Take 1,000 IT people involved in online businesses from around the world – from developers to venture capitalists – and you’re bound to get reality checks on a range of fronts. Le Web 3 brings these people together in formal conference sessions, informalk networking and a fascinating, compelling and intimidating start-up room. I’m here learning for the Find It online classifieds business being rolled out in partnership with newsagents. But there are more take aways than those which relate to Find It. Here is a summary of my key take-aways today.
First up, every second attendee is sitting in the conference hall laptop open and reading and writing during the sessions. More male than female. I’d guess the average age at early 30s.
Newsagents are getting left behind. I know I go on here like a cracked record about this but you onle have to come to a conference like Le Web and see how disconnected we are with the new worl in our bricks and mortar businesses. We must get this to survive.

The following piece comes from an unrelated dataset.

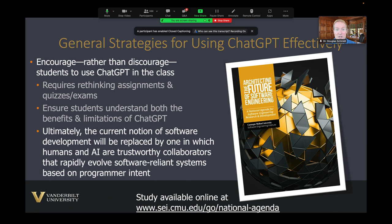To wrap up, it's very clear from the month I've spent using this technology that the current notion of software development — where we do things mostly manually — is being replaced by one where people and AI tools like ChatGPT are trustworthy collaborators working together to rapidly evolve software-reliant systems based on higher-level specifications of intent. At Vanderbilt's computer science program, we're thinking through how to effectively balance teaching fundamentals while equipping students with tools that make them much more productive.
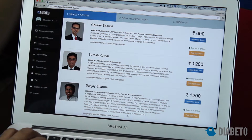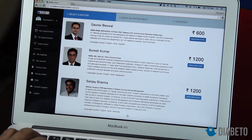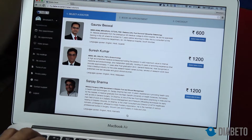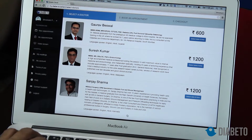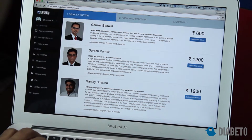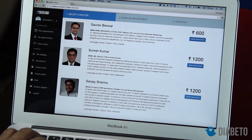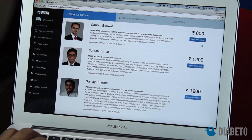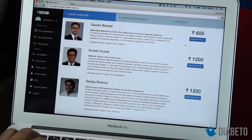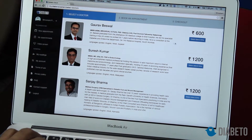The first screen I see is the panel of all the doctors — these are all the endocrinologists on our panel right now. If I want to take a new teleconsultation appointment, I can select one of the doctors. Let's try and take a teleconsultation from Dr. Gaurav Beswal.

They are generating content as they go – participating in live and relevant polls which speakers comment on from the stage.
Newsagents have no conection with the world of user generated content.
We’re hearing that user generated content is key. Quality content. A chap from yahoo said driving quality content was the holy grail. But then he said that while there;’s crap at YouTube, that there is some quality makes the site compelling.
The newspapers and magazines we sell in newsagencies deliver, in the main, quality content. There’s some, short term, comfort in that.
There was talk of a big impact of Web 2.0 on middlemen and in particular TV networks. IPTV is about connecting content producers with consumers. The TV stations are the losers in this. Consumers are proving they want content where and when they want. TB networks work against this. In an IPTV world the TV program is replaced by an a la carte menu.
Newsagents are middlemen for the most part. We make money from selling product people can get individually elsewhere. We need our own reasons to exist.
Free is the game in town. Free broadband. Free online software. Free content. Monetisation comes from advertising and other less obvious revenue models.
If you look at the change in newspaper cover prices in Australia over the last ten years compared to the change in advertising rates over the same period and you can see that publishers agree. In real terms, Australian newspapers sold in newsagencies are closer to being free today than ten years ago. Niche titles – foreign language newspapers – price their product as if the content is valuable.
More than this has been covered so far but I’m not about to blog about take-aways which will benefit Find It and my other businesses.
So far Le Web 3 has been exciting, challenging and very enjoyable.